You’ve had a pretty consistent literary output (Mechaniks, A Regular, The Dreamt and Deathless Obscene). Was this just another novel or do you feel like you’ve reached a certain level with DTV?
I just wanted to have some fun and not hate existence for the year it takes to bang one of these things out. Then again, I assume Celtic Frost felt the same way when they made Cold Lake

What was the evolution of the soundtrack, from conceit to execution?
Originally, I just wanted to corral a bunch of bands I like into covering the Bloodsport OST track-for-track. That’s a pretty fucking stupid idea, but this was my chance. Anyway, I believe it was one Shane Mehling of soundtrack contributor Great Falls who suggested simply asking the bands to cover their favorite action movie theme, vintage or modern. Totally sensible, but when you work with 14 different bands, they all have varying ideas and comfort zones. For example, the first song we debuted, the Atlas Moth covering “Black Trees” by Hooray for Earth, doesn’t seem to make a lot of sense at face value. What happened is I was going back-and-forth with their singer Stavros, and we interpreted the original as something similarly evocative and morose as most of the Drive soundtrack. Then the Moth’s version of it turned out crushing and funereal—not in the doom sense, just “funereal” by its usual definition—and there you go. That’s the toughest one to explain. As for the rest, the originals (TFD, Old Head) work with one of the novel’s many bar fights. As for the not-immediately-identifiable covers, Wolvhammer did “Burn” from The Crow soundtrack, which is what made me want to execute this facet of the project in the first place. God bless them all, Matthew Widener composed an original actually based on DTV, and Lauderdale and
Majeure interpreted music from Van Damme and Seagal movies. Those are the cherries on top for me.

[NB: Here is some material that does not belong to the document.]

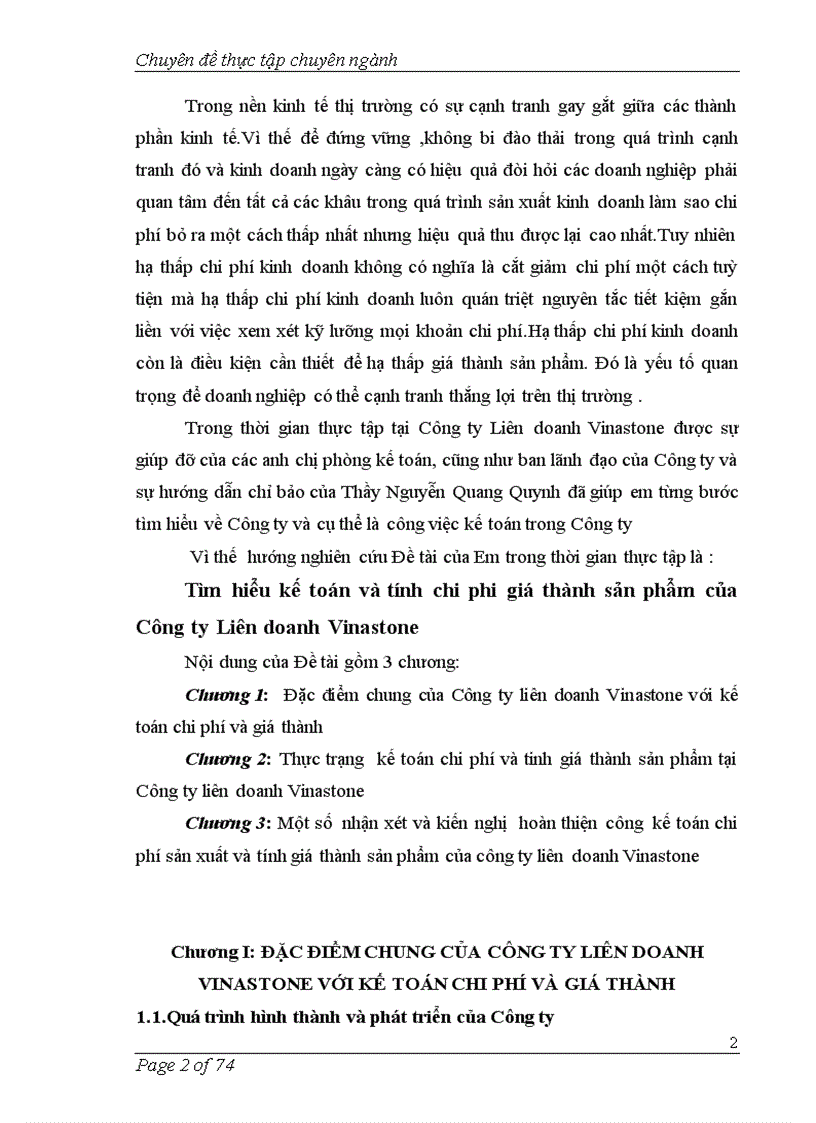 image for page Tìm hiểu kế toán chi phí và tính giá thành sản phẩm của Công ty Liên doanhVinastone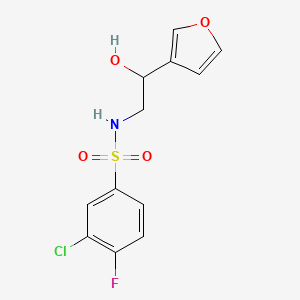 molecular formula C12H11ClFNO4S B2748839 3-氯-4-氟-N-(2-(呋喃-3-基)-2-羟基乙基)苯磺酰胺 CAS No. 1396684-05-1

Finally, your top five action scenes.
I’ll limit it to Van Damme and Seagal. The first not just five, but five billion should be
this:
https://www.youtube.com/watch?v=YMu2xNBpyQc

Here’s 5,000,000,001
https://www.youtube.com/watch?v=DKRrQOrvdtY&feature=related

This one should be prefaced by the fact that Bolo Yeung beat the living Christ out of this
particular JCVD twin earlier in the movie, hence the hissed “Shit…” when he realizes
he’s lost his gun.
https://www.youtube.com/watch?v=UbQFVAqi_lo

See the sick sucker-punch “Paco” executes here from 0:15 – 0:19? I was trying to
demonstrate it at the bar where I’ll hopefully have a release party in a few weeks, and COMPLETELY decimated a pint glass hanging above the bartender. I still feel like dying for that. It wasn’t cool.
https://www.youtube.com/watch?v=pPFoyHy1Fn4&feature=related

As usual, Ruthless Reviews (which I wish would review this
book and not hate it) says it so much better than I ever could: “Also amusing is the fact
that the faceless foot soldiers will jump out and say something Jamaican before Seagal
fucks them up. Some guy will leap out with a knife and be like, ‘I’m onna beeet you like
a steel drum, mon!’ and then Seagal kicks him in the nuts. Then the next guy jumps out
and says, ‘eh, no problem, mon!’ and Seagal snaps his neck. And so on.”